BEGIN The records
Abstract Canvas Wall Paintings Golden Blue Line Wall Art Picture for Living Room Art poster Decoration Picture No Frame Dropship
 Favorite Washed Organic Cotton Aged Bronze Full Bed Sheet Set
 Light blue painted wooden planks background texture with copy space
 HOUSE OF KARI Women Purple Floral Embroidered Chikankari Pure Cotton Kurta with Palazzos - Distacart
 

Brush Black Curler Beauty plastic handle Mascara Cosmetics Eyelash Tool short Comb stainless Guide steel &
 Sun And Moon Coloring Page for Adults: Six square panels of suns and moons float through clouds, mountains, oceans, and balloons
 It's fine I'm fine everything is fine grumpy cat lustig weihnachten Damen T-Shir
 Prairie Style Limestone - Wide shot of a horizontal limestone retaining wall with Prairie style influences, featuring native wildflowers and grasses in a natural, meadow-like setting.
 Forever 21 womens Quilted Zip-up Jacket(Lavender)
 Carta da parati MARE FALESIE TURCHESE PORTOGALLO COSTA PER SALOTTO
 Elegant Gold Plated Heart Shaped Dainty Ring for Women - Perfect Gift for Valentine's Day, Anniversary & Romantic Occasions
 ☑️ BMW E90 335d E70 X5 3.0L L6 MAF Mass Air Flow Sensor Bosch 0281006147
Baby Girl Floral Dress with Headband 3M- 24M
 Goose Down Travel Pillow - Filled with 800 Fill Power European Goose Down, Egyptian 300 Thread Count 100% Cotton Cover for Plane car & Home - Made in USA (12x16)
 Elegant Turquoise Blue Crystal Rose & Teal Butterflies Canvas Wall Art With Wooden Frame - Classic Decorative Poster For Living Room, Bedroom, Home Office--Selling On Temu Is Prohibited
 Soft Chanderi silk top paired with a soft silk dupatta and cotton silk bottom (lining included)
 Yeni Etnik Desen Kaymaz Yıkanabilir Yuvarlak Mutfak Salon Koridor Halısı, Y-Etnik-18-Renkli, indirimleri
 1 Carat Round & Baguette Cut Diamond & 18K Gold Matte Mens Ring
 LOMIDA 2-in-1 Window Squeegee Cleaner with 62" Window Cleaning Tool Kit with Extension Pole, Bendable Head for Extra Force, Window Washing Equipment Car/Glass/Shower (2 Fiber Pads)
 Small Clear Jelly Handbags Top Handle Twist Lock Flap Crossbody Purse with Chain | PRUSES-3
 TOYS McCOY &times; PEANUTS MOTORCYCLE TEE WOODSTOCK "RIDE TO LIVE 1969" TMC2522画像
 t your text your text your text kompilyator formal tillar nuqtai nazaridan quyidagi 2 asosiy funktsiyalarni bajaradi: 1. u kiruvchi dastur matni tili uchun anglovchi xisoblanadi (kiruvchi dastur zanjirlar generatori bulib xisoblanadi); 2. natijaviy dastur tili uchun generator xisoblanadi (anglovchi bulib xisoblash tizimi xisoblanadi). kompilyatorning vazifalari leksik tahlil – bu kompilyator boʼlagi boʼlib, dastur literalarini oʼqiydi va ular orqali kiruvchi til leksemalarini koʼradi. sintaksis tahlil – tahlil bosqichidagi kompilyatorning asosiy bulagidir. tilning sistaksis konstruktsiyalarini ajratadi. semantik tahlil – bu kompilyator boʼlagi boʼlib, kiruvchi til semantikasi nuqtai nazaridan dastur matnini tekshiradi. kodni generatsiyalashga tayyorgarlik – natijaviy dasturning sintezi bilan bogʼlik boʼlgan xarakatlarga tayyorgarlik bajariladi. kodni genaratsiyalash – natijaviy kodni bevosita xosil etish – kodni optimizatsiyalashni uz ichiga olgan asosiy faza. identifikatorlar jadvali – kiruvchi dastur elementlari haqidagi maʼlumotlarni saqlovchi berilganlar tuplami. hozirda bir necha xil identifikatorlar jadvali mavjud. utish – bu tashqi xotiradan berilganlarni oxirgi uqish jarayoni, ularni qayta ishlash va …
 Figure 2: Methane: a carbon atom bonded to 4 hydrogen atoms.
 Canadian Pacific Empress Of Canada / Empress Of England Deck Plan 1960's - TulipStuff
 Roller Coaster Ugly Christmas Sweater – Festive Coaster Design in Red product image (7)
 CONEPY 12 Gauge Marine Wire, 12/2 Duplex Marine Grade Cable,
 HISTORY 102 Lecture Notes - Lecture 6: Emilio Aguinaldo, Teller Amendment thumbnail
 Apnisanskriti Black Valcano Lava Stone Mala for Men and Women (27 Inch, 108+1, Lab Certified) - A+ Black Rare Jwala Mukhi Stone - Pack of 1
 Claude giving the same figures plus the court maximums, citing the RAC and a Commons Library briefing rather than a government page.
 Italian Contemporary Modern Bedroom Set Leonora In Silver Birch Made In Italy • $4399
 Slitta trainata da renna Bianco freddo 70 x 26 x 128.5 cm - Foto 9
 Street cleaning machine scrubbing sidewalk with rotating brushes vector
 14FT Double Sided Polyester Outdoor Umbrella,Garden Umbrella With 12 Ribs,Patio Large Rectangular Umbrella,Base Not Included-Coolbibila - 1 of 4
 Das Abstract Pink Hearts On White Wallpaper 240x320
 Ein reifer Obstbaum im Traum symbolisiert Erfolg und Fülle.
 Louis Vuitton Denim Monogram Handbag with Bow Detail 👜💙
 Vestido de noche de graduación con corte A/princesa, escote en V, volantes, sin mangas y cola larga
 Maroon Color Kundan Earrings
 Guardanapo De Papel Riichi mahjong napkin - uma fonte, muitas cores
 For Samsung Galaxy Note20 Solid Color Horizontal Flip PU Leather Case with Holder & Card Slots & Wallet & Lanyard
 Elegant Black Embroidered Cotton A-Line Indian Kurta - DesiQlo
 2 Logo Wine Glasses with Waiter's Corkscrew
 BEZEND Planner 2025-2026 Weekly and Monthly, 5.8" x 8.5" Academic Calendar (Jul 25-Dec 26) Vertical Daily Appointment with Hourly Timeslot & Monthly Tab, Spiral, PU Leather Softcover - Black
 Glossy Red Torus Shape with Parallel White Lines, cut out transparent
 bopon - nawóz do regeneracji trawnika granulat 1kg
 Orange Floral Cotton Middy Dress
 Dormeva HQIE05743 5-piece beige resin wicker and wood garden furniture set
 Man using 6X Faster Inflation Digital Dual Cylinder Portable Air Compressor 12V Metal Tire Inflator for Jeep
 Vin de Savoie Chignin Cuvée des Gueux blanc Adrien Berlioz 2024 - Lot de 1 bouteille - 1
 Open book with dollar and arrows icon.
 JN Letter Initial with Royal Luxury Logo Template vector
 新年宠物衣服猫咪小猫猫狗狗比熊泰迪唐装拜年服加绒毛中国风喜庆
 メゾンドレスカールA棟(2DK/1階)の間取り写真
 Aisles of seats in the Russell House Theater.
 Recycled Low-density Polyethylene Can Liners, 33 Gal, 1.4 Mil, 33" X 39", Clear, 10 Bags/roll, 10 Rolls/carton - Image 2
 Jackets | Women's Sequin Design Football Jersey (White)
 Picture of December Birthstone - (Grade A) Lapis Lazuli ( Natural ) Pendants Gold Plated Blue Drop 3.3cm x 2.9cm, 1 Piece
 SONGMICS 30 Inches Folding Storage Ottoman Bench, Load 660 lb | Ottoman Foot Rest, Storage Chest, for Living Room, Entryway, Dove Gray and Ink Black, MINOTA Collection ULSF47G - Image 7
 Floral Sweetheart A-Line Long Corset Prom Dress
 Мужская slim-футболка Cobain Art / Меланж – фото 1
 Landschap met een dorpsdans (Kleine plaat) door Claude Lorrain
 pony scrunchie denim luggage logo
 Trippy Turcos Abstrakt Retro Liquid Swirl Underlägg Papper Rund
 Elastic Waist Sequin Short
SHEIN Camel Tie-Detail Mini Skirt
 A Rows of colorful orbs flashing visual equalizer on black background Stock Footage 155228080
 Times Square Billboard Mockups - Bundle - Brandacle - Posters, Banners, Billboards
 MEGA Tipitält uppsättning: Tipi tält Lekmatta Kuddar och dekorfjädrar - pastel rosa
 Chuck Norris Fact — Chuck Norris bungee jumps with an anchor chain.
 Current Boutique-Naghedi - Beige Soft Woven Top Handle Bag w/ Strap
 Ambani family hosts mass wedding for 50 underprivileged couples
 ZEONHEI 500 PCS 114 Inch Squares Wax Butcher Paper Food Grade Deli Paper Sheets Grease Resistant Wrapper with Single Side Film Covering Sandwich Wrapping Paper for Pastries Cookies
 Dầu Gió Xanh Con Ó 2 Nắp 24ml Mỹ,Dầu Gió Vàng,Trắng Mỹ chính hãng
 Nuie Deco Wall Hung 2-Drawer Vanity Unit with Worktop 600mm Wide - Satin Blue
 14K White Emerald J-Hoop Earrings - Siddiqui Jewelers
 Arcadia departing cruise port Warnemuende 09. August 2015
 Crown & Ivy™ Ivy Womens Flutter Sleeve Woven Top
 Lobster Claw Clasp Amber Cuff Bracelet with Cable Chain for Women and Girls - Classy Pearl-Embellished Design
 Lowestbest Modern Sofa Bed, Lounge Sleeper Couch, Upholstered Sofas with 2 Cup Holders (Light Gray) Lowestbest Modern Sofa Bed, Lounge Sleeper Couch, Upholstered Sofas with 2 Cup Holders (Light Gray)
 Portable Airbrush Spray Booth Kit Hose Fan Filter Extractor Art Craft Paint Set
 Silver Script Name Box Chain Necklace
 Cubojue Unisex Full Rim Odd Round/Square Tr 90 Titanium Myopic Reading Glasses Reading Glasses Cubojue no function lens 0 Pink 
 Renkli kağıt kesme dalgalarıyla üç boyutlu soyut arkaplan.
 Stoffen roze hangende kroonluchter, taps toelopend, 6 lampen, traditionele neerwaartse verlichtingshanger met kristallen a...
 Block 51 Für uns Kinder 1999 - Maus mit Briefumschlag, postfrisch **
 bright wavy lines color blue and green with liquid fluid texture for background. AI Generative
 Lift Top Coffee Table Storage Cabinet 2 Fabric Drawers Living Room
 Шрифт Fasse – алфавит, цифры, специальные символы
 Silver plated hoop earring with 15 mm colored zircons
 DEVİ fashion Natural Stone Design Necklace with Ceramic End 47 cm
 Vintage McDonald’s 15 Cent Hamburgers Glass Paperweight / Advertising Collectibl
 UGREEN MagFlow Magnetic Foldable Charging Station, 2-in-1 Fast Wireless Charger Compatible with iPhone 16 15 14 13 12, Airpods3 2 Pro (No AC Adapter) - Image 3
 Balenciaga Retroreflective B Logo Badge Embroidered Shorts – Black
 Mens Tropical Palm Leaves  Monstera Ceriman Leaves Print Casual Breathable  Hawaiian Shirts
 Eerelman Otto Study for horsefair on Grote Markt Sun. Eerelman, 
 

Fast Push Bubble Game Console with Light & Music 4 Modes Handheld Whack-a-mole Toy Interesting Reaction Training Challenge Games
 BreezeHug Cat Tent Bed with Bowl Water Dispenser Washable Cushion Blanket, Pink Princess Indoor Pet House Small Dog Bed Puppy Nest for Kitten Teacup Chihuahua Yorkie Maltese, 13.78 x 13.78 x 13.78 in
END The records
§ **Problem to solve**: Find the line with "Vestido de noche" in the material above. Reproduce it and each line after it up to and including the line with "Elegant Black Embroidered".

§ **Solution to the problem**:
 Vestido de noche de graduación con corte A/princesa, escote en V, volantes, sin mangas y cola larga
 Maroon Color Kundan Earrings
 Guardanapo De Papel Riichi mahjong napkin - uma fonte, muitas cores
 For Samsung Galaxy Note20 Solid Color Horizontal Flip PU Leather Case with Holder & Card Slots & Wallet & Lanyard
 Elegant Black Embroidered Cotton A-Line Indian Kurta - DesiQlo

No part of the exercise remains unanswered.